*** Opening Supplied material ***

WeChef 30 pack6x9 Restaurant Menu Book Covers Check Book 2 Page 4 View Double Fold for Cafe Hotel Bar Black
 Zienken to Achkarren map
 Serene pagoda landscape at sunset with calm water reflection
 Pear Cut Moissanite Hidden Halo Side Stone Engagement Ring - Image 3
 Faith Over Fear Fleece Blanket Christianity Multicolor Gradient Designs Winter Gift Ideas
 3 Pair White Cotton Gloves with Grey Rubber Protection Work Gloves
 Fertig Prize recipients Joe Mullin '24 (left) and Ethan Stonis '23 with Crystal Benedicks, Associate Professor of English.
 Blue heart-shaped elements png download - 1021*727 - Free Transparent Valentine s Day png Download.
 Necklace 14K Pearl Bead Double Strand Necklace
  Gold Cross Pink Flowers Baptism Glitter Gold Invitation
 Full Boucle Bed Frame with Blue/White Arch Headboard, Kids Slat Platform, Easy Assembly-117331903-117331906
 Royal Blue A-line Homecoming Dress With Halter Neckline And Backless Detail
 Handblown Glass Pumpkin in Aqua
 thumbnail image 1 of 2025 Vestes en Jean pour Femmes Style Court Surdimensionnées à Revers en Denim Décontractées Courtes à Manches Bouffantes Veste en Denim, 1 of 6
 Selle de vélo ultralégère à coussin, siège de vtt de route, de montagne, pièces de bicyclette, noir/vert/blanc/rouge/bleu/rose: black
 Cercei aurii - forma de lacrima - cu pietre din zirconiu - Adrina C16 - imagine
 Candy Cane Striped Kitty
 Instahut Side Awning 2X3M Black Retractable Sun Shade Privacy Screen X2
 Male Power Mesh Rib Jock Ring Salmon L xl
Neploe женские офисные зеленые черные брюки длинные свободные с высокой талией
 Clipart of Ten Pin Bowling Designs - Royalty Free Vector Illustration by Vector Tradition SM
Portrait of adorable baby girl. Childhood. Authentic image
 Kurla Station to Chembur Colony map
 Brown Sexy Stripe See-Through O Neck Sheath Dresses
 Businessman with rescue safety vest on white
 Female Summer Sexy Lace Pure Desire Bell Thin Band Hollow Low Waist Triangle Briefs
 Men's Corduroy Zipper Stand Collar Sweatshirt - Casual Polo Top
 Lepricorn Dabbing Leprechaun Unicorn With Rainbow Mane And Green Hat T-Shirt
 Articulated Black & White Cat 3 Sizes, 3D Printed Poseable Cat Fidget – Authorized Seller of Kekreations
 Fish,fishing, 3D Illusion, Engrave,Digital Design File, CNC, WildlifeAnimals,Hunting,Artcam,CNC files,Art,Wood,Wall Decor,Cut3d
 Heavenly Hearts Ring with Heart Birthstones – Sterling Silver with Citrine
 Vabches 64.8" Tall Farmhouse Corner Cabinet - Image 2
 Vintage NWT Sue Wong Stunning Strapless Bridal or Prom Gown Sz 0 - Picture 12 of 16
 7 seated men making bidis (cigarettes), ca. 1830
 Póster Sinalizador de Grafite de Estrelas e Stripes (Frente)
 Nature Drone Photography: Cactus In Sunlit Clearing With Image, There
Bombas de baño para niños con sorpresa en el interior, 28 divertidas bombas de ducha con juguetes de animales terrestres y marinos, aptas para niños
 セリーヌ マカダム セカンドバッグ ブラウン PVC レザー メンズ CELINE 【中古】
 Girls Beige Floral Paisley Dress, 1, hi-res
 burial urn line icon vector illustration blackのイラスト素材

*** Closing Supplied material ***

Exercise directions:
The output should match the records above exactly, line for line.

Answer box:
WeChef 30 pack6x9 Restaurant Menu Book Covers Check Book 2 Page 4 View Double Fold for Cafe Hotel Bar Black
 Zienken to Achkarren map
 Serene pagoda landscape at sunset with calm water reflection
 Pear Cut Moissanite Hidden Halo Side Stone Engagement Ring - Image 3
 Faith Over Fear Fleece Blanket Christianity Multicolor Gradient Designs Winter Gift Ideas
 3 Pair White Cotton Gloves with Grey Rubber Protection Work Gloves
 Fertig Prize recipients Joe Mullin '24 (left) and Ethan Stonis '23 with Crystal Benedicks, Associate Professor of English.
 Blue heart-shaped elements png download - 1021*727 - Free Transparent Valentine s Day png Download.
 Necklace 14K Pearl Bead Double Strand Necklace
  Gold Cross Pink Flowers Baptism Glitter Gold Invitation
 Full Boucle Bed Frame with Blue/White Arch Headboard, Kids Slat Platform, Easy Assembly-117331903-117331906
 Royal Blue A-line Homecoming Dress With Halter Neckline And Backless Detail
 Handblown Glass Pumpkin in Aqua
 thumbnail image 1 of 2025 Vestes en Jean pour Femmes Style Court Surdimensionnées à Revers en Denim Décontractées Courtes à Manches Bouffantes Veste en Denim, 1 of 6
 Selle de vélo ultralégère à coussin, siège de vtt de route, de montagne, pièces de bicyclette, noir/vert/blanc/rouge/bleu/rose: black
 Cercei aurii - forma de lacrima - cu pietre din zirconiu - Adrina C16 - imagine
 Candy Cane Striped Kitty
 Instahut Side Awning 2X3M Black Retractable Sun Shade Privacy Screen X2
 Male Power Mesh Rib Jock Ring Salmon L xl
Neploe женские офисные зеленые черные брюки длинные свободные с высокой талией
 Clipart of Ten Pin Bowling Designs - Royalty Free Vector Illustration by Vector Tradition SM
Portrait of adorable baby girl. Childhood. Authentic image
 Kurla Station to Chembur Colony map
 Brown Sexy Stripe See-Through O Neck Sheath Dresses
 Businessman with rescue safety vest on white
 Female Summer Sexy Lace Pure Desire Bell Thin Band Hollow Low Waist Triangle Briefs
 Men's Corduroy Zipper Stand Collar Sweatshirt - Casual Polo Top
 Lepricorn Dabbing Leprechaun Unicorn With Rainbow Mane And Green Hat T-Shirt
 Articulated Black & White Cat 3 Sizes, 3D Printed Poseable Cat Fidget – Authorized Seller of Kekreations
 Fish,fishing, 3D Illusion, Engrave,Digital Design File, CNC, WildlifeAnimals,Hunting,Artcam,CNC files,Art,Wood,Wall Decor,Cut3d
 Heavenly Hearts Ring with Heart Birthstones – Sterling Silver with Citrine
 Vabches 64.8" Tall Farmhouse Corner Cabinet - Image 2
 Vintage NWT Sue Wong Stunning Strapless Bridal or Prom Gown Sz 0 - Picture 12 of 16
 7 seated men making bidis (cigarettes), ca. 1830
 Póster Sinalizador de Grafite de Estrelas e Stripes (Frente)
 Nature Drone Photography: Cactus In Sunlit Clearing With Image, There
Bombas de baño para niños con sorpresa en el interior, 28 divertidas bombas de ducha con juguetes de animales terrestres y marinos, aptas para niños
 セリーヌ マカダム セカンドバッグ ブラウン PVC レザー メンズ CELINE 【中古】
 Girls Beige Floral Paisley Dress, 1, hi-res
 burial urn line icon vector illustration blackのイラスト素材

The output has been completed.